Despite the fact that the cost of the raw material (crude oil) increased last year, causing significant losses in the first half of the fiscal year 2022–2023 before falling oil prices moved them towards profitability, the report stated
Despite rising raw material costs, increase in the prices of petrol and diesel are improbable, due to the forthcoming general elections, according to Moody’s Investors Service.
The price of petrol and diesel has been frozen for a record-breaking 18 months thanks to three state-owned gasoline retailers: Indian Oil Corporation (IOC), Bharat Petroleum Corporation Ltd (BPCL), and Hindustan Petroleum Corporation Ltd (HPCL), which together account for around 90 per cent of the market.

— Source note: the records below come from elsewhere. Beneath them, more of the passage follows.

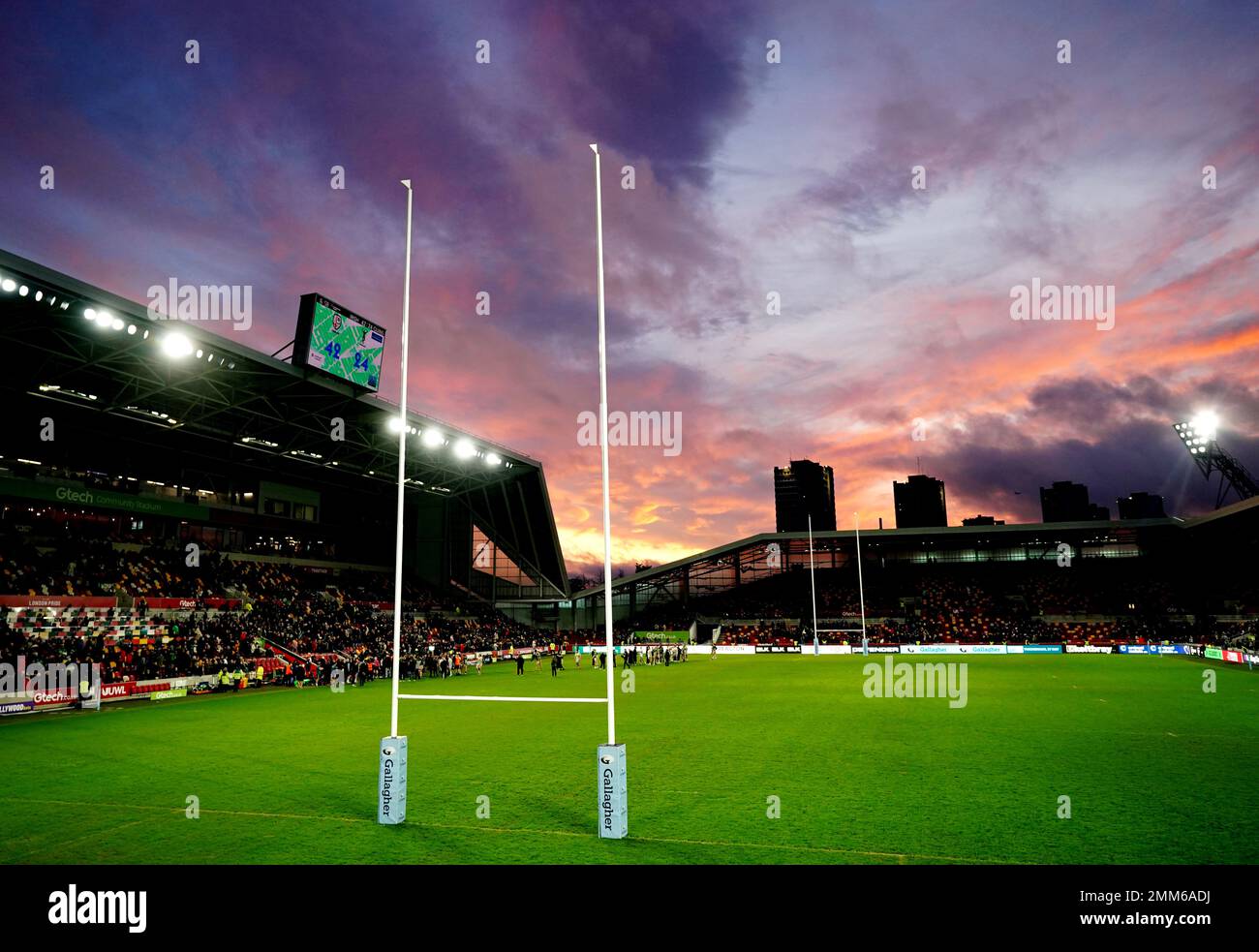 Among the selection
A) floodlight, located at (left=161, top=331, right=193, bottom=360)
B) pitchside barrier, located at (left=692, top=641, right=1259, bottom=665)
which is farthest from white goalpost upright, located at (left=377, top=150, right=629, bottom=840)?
pitchside barrier, located at (left=692, top=641, right=1259, bottom=665)

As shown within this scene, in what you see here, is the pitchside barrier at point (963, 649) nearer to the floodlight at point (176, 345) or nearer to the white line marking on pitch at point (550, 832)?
the floodlight at point (176, 345)

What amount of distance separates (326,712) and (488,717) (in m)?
6.26

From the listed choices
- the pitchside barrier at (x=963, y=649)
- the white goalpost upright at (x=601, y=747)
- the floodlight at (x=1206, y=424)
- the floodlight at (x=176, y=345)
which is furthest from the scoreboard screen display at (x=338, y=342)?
the floodlight at (x=1206, y=424)

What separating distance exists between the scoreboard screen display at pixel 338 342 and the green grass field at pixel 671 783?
1695 cm

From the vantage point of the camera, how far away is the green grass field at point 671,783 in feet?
29.4

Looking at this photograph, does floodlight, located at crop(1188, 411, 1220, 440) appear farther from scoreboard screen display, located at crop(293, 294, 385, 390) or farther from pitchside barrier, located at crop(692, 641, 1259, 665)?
scoreboard screen display, located at crop(293, 294, 385, 390)

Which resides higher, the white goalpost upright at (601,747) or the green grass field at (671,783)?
the white goalpost upright at (601,747)

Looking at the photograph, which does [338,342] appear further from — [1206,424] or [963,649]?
[1206,424]

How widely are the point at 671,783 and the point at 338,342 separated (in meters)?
30.1

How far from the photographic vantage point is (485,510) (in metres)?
69.1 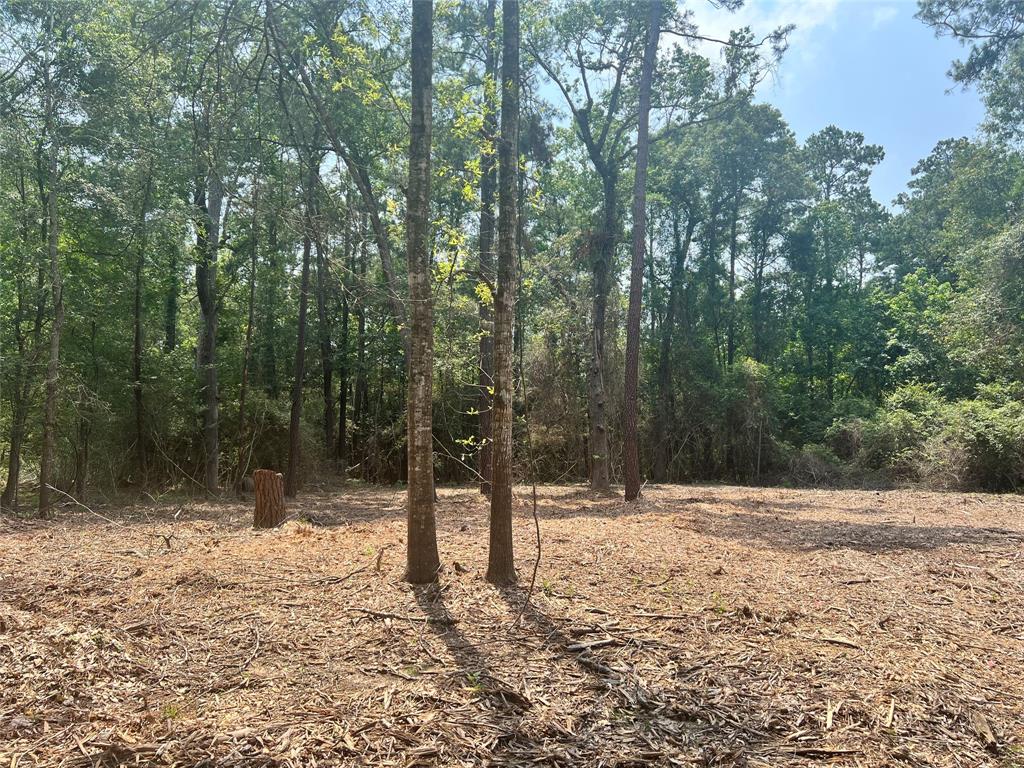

This is despite the fact that the cost of the raw material (crude oil) increased last year, causing significant losses in the first half of the fiscal year 2022–2023 before falling oil prices moved them towards profitability. Since August, international oil costs have risen, which has caused three retailer’s margins to once again turn negative.
According to an analysis by Moody’s, the profitability of India’s three state-owned oil marketing corporations, IOC, BPCL, and HPCL, will suffer from high crude oil prices. The rise in gross refining margins (GRMs) has somewhat offset the reduction in the OMCs’ marketing profits.
The benchmark Singapore GRMs have improved since June in part as a result of the region’s sustained increase in the consumption of liquid fuels as well as scheduled refinery outages that limited the region’s supply of petroleum products, the report stated.
Despite gradually falling feedstock costs, OMCs’ net realised pricing on the sale of diesel and petrol have mostly stayed steady since April 2022. Brent crude’s price dropped from USD 112 per barrel (bbl) in 1Q fiscal 2023 to USD 78 per barrel (bbl) in 1Q fiscal 2024.
According to the rating agency, of the three OMCs, IOCL and BPCL are better positioned to tolerate any additional increase in crude oil prices than HPCL. The disparity in the OMCs’ capacity to absorb an increase in feedstock costs is due to the different business characteristics of the three OMCs.
The OMCs’ cash flows would be boosted and a portion of their capital expenditure requirements will be met by the Indian government’s Rs 30,000 crore in capital support for the oil marketing sector that was announced in the budget earlier this year. To this end, IOCL and BPCL have previously informed the government of rights issues.
However, Moody’s claimed that it has not taken this into account in its estimates because the timing and amount of such revenues are now unknown.